それに、足もとにまとわりつく布の感触がくすぐったくて、少し動くと裾が揺れるのが気になる。
――というか、娘の前でこの格好は、冷静に考えたらかなり恥ずかしい。だって、三十代後半の父親が着ているのだから。
【ふぁ!? 猫耳メイド!? 最強かよ】
【尻尾まで生えてるのリアルすぎて逆にドキドキする】
【パパかわいすぎ問題】
【スカートがちょい上がってるの助かる】
【恥ずかしがってるパパさんもいいよ!】
【お願い、一回くるっと回って見てよ……】
【360度見たい!】
【尻尾でスカート持ち上がるとか、そういう仕様ですか!?】
コメントがどうなっているのだろうか。
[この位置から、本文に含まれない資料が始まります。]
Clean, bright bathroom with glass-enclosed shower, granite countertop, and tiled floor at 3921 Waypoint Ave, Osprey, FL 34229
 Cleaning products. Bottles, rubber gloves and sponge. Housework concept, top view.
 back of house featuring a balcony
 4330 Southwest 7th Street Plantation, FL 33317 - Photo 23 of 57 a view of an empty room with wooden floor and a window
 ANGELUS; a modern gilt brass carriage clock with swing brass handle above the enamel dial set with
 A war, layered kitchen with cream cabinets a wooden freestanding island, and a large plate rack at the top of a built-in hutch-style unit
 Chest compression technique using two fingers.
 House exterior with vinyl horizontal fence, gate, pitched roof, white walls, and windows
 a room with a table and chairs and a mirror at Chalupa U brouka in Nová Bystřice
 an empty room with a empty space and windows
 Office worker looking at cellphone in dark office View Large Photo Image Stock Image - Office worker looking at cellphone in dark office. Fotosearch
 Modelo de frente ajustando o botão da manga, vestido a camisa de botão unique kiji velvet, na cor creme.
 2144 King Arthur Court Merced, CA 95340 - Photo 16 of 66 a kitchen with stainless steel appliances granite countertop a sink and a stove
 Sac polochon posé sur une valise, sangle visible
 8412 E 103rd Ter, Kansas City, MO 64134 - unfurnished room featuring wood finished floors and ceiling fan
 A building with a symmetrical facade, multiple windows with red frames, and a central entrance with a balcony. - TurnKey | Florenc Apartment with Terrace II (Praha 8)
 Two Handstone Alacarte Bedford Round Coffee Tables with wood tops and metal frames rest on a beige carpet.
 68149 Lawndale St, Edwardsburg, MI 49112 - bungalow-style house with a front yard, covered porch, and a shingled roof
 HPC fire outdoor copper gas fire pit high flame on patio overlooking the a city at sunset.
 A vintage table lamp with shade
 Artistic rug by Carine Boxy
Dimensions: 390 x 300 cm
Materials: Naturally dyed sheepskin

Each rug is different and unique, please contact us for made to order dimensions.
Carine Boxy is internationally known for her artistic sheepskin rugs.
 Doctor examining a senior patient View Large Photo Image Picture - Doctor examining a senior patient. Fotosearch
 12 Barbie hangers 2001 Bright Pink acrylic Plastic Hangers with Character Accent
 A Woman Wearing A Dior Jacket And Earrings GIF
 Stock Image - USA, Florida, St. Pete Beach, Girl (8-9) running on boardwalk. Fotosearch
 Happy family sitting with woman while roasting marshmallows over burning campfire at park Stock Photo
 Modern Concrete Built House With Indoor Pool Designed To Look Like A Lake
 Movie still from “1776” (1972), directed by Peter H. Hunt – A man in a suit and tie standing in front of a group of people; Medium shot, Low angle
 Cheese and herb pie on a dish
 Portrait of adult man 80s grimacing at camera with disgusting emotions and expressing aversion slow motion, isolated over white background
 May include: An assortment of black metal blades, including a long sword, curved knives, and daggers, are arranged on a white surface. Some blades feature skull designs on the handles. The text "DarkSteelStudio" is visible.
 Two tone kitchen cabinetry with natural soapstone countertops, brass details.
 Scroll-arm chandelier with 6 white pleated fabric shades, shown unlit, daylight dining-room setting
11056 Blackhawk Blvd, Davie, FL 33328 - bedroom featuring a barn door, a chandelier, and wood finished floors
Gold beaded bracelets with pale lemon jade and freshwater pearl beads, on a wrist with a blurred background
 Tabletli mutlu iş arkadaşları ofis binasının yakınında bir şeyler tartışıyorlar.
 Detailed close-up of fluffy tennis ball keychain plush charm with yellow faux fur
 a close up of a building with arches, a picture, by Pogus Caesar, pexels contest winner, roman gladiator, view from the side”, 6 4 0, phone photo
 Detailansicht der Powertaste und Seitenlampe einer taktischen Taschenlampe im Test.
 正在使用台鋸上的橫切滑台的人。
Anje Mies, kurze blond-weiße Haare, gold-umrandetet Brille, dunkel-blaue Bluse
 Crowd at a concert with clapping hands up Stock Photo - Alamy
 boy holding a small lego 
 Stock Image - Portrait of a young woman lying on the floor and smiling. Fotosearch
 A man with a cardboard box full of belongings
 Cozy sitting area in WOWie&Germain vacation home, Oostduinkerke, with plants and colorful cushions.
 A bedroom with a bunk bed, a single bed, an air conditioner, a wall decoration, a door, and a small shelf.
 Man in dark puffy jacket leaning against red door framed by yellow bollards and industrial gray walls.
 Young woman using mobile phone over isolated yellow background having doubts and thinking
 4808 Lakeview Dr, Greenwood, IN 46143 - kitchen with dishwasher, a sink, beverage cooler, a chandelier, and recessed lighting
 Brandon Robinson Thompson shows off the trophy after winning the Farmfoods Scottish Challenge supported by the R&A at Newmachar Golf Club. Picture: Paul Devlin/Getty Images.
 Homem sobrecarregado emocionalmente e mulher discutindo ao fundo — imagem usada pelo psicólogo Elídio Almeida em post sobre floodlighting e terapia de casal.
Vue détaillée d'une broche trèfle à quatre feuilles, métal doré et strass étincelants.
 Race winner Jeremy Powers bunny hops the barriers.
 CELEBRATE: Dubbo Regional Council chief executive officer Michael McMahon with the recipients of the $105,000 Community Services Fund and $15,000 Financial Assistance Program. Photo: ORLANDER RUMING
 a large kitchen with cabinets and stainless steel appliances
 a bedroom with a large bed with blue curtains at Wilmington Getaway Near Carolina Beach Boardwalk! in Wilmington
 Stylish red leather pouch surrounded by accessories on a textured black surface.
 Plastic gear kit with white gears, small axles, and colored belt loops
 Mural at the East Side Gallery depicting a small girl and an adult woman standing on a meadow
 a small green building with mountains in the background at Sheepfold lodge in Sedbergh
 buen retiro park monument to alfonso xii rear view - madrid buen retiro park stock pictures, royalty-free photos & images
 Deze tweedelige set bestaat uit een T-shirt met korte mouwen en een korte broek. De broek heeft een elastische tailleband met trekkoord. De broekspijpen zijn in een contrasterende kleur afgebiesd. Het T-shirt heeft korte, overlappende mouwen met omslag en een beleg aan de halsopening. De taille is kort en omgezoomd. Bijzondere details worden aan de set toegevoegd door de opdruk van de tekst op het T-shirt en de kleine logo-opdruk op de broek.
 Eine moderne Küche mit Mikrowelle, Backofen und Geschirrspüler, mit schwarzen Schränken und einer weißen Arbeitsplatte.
恥ずかしいなと思いながらも気になって、結衣が持っているタブレットを覗いてみると、コメント欄が「回転」で埋め尽くされていた。
どうやら、全身を確認したいらしい。
「……回ればいいのかな?」
そうつぶやきながら、リクエストに応えるように片足を軸にくるっと回ってみせた。
「ちょ、パパ!?」
「ん?」
結衣が慌てて僕の前に飛び出し、カメラから僕の姿を隠すように間に入ってきた。
【白!】
【ブリーフ確認!】
【尻尾でスカートがめくれて!!】
【ナイス回転w】
【ありがとう猫パパ!】
【30代パパのブリーフに興奮させられるとは!】
【サービスシーンきたああああ!】
【今スクショ撮れた人は勝ち組】
結衣が飛び出して、すぐにハッとした。
——やってしまった。
勢いよく回転した拍子に、尻尾がスカートを持ち上げたまま回ってしまい、全国ネットで三十代後半男の不快な物を晒してしまった。
そりゃあ結衣も、全力でカメラを塞ぎたくもなる。
「じゃ、じゃあ、パパの疑いは晴れたと思うので、配信は終了します! お疲れ様でした!!」
結衣は慌てた声とともに、配信は終了した。